Key iPhone assembler Hon Hai Precision Industry Co. reported stronger-than-expected profit, suggesting demand for Apple Inc.’s signature devices proved better than feared.

Net income in the September quarter came to NT$43.13 billion ($1.3 billion), compared to the average analyst estimate of NT$34 billion. Apple’s latest iPhone, released in September, sparked an upgrade cycle among owners of older iPhones in the US, though it has fallen shy of its predecessor in China.

Hon Hai, the key public arm of Foxconn Technology Group, gets over half of its sales from Apple. The US firm warned this month that revenue in the holiday quarter will be about level from 2022 as the company grapples with an unexpected challenge from Huawei Technologies Co. and an increasingly hostile business environment.

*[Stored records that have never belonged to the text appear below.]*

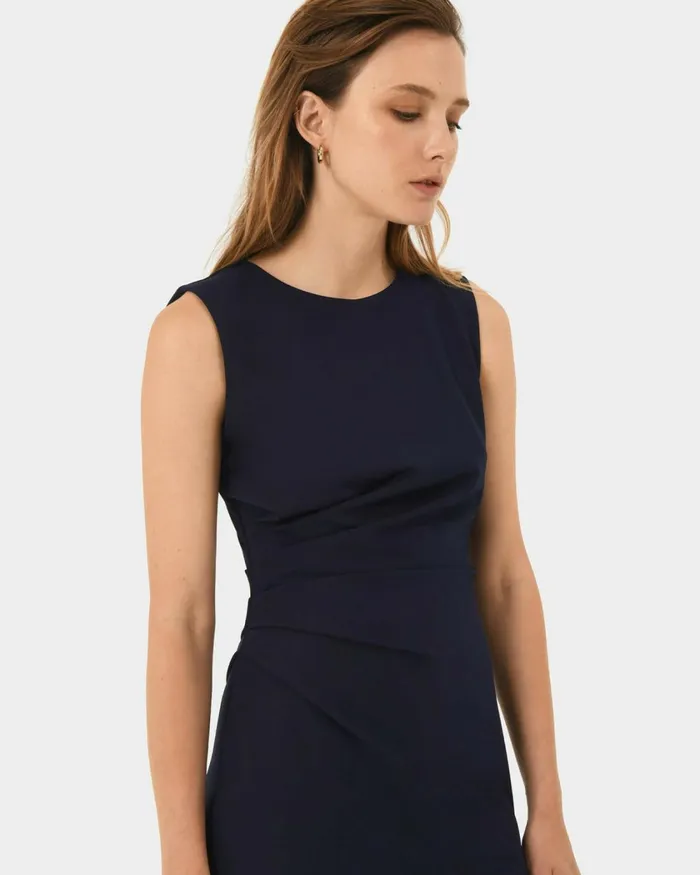 Forcast Faith Side Pleated Midi Dress Navyblack Women Midi Dresses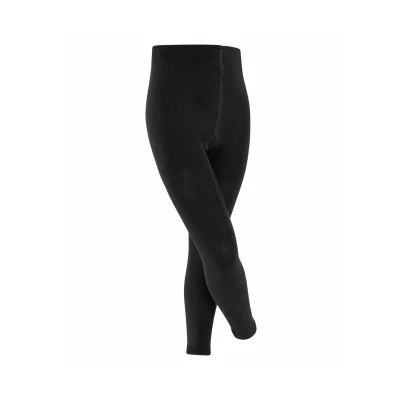 Abbildung von FALKE Unisex Kinder Leggings Family K LE nachhaltige biologische Baumwolle einfarbig 1 Stück, Schwarz (Black 3000) neu umweltfreundlich, 110 116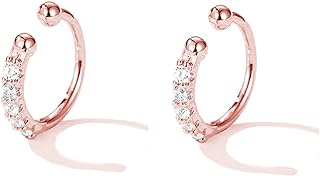 SLUYZN Rose Gold Cubic Zirconia Cuff Earrings Crafted from Sterling Silver for Women and Girls - Hypoallergenic, No Piercing Required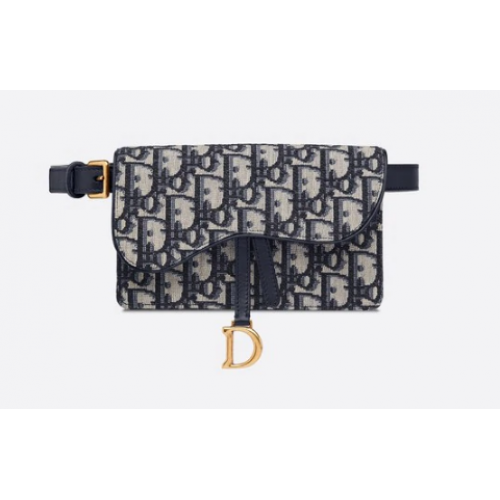 POCHETTE CEINTURE SADDLE Jacquard Dior Oblique Bleu S5619C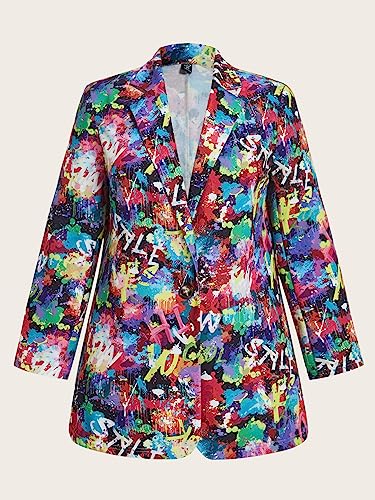 WDIRARA Women's Graphic Print Long Sleeve Single Button Front Open Front Blazer Stand Collar Jacket Waistcoat3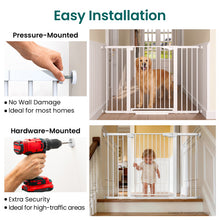 Load image into Gallery viewer, Cumbor 36" Extra Tall Baby Gate, 30-54" Wide Dog Gates for Large Dogs Dual Lock &amp; Auto Close Pet Gates for Stairs, Doorways &amp; Hallways, Pressure Mounted Safety Proofing for Babies &amp; Pets, White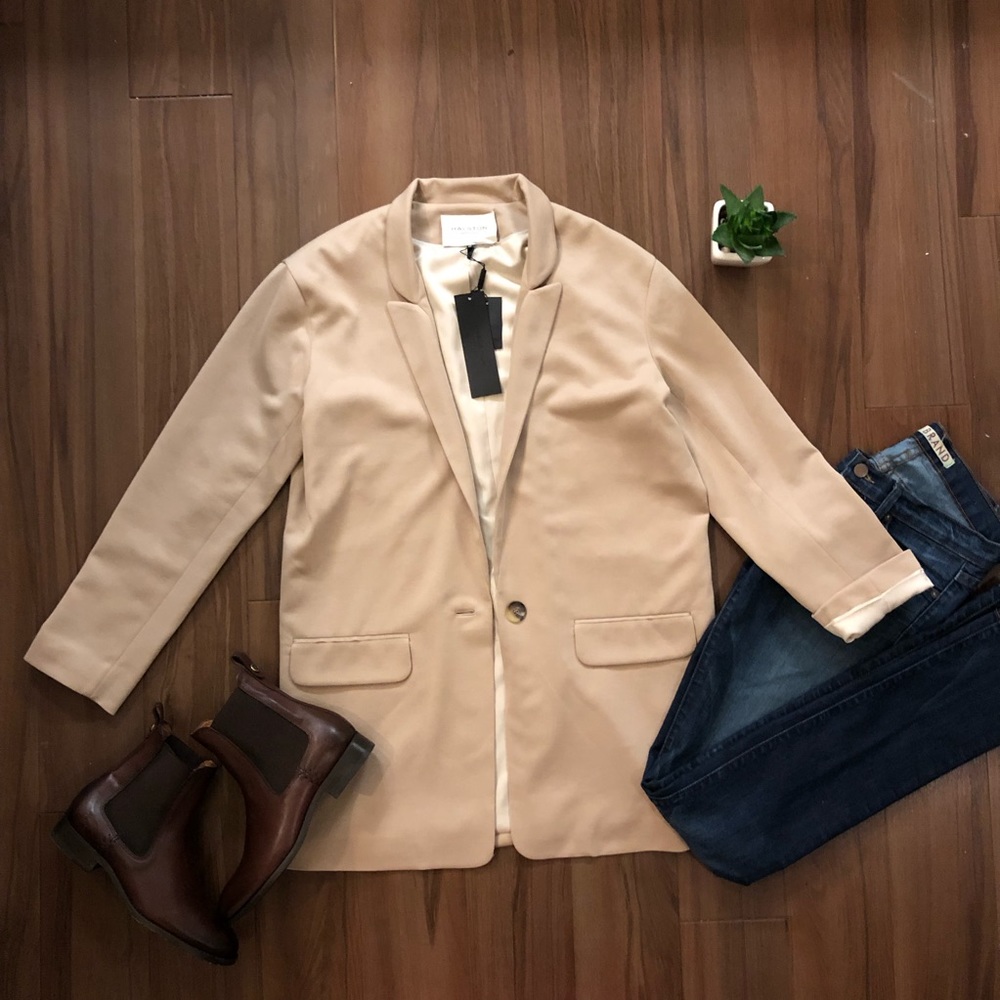 NWT Halston Heritage Single-Breast Camel Blazer XS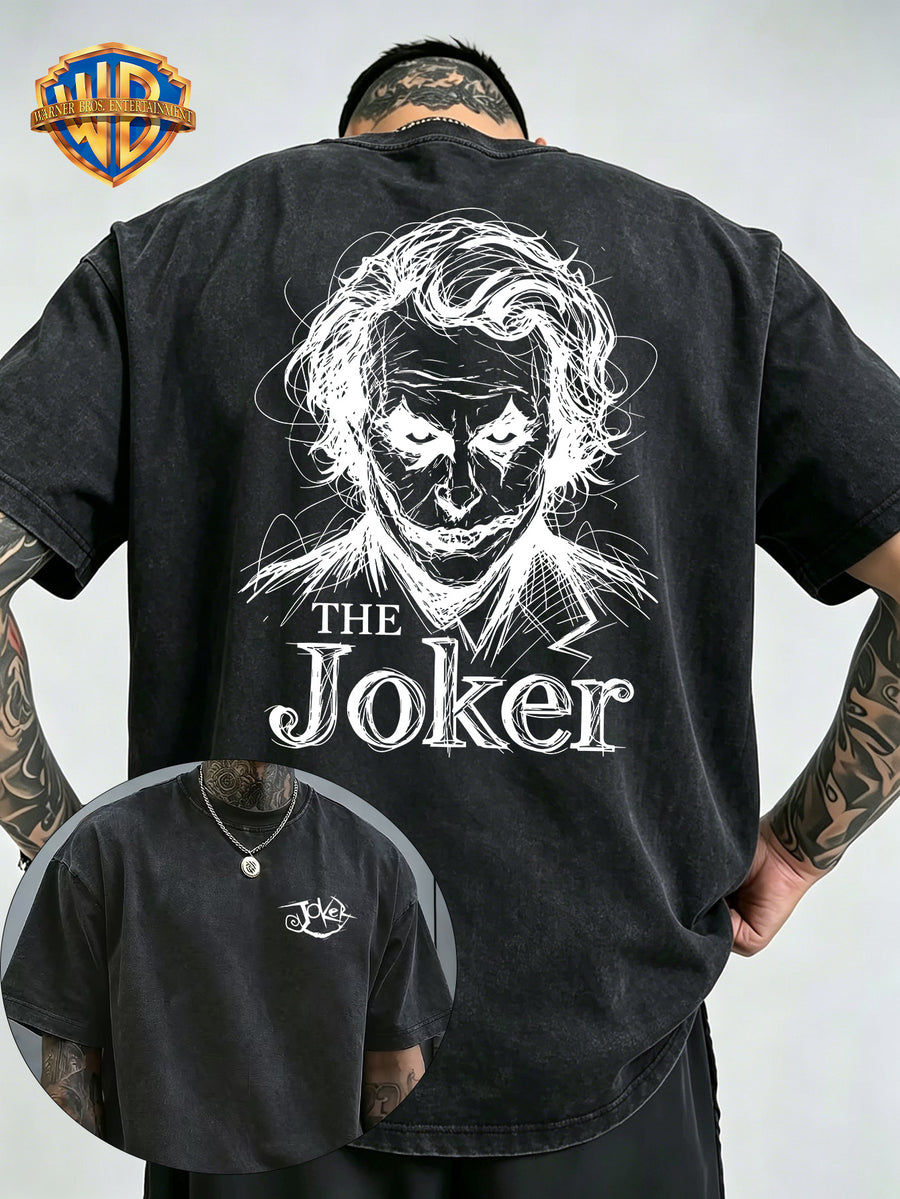 Warner Bros Official Hand-Drawn Scribble DC Joker Print Washed T-Shirt, Men's 100% Pure Cotton Fabric, Casual and Comfortable Style, Loose Fit Breathable Short Sleeve Men's Casual Top, Distressed Washed Loose Fit - Black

Sales for July to September slid more than 11% to NT$1.54 trillion, according to numbers previously released by the world’s largest contract electronics manufacturer.

The Taiwanese company’s revenue is expected to drop about 4% to NT$1.89 trillion in the fourth quarter, according to analyst estimates. Full-year sales are estimated to fall 6.3% to NT$6.21 trillion, which would mark the first yearly revenue contraction since 2016.

Apple and Foxconn are both facing growing challenges in China. Beijing has expanded bans on iPhones to government-backed agencies and state-owned enterprises, while new 5G handsets from Huawei are providing fresh competition.

Meanwhile, China began a probe into Foxconn’s tax issues and land use in the country after founder Terry Gou announced his bid for Taiwan’s presidency. Foxconn makes the bulk of Apple’s handsets from the central Chinese city of Zhengzhou.

Foxconn is trying to find new growth drivers beyond a core gadget assembly business that renders razor-thin margins and relies heavily on China for manufacturing resources. It’s branched out to emerging fields including electric vehicles and low-Earth orbit satellites, although these new ventures have yet to generate significant revenue for the company.